Ask HN: How do you book-mark web pages - sun123

I use different browsers in different places(Mozilla in office , Chrome in home, Dolphin in Android , safari in ipod touch). Is there any way we can sync all these book marks ? Perhaps there should be an android/iPhone app, and UI through the web.
======
kaolinite
Personally I use Firefox Sync. It's encrypted end-to-end and if you don't even
trust Mozilla with your encrypted data, you can set up your own sync server.
Chrome has something similar too however I'm unsure how open it is.

You can sync your bookmarks using Firefox Sync to your Android, if you were to
use Firefox for Android (it's pretty good and there are big improvements on
the way - I went to a talk about it at FOSDEM).

For your iPod touch, I have no idea, though it raises the question why you
need one when you have an Android phone but anyway.

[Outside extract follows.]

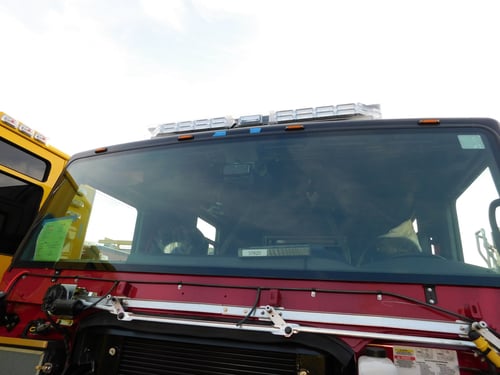Wheaton FD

For your home computer, you could switch to Firefox however I imagine there'll
be an addon that syncs bookmarks from Firefox Sync. I'd always recommend using
the more open service as it's far more likely to be supported.

------
psycho
There's <http://xmarks.com/> that can help you.

------
wumpushunter
I use diigo.com; it was recommended by another HN user (j45) some months ago.
Prior to that I was using Google Bookmarks, but I've moved all the bookmarks
from there into Diigo.

I love Diigo's ability to highlight a snippet of text on a page.

------
revorad
I use Instapaper. I know it's not for bookmarking but I already use it for
saving articles and can't be bothered to use something else for other types of
links.

------
janlukacs
Used Delicious in the past, now i just use Safari and only bookmark really
really important stuff.

------
einomies
I've found <https://kippt.com/> very handy.

------
jordhy
I use pinboard. It's really good.

------
nader
I use thinkery.me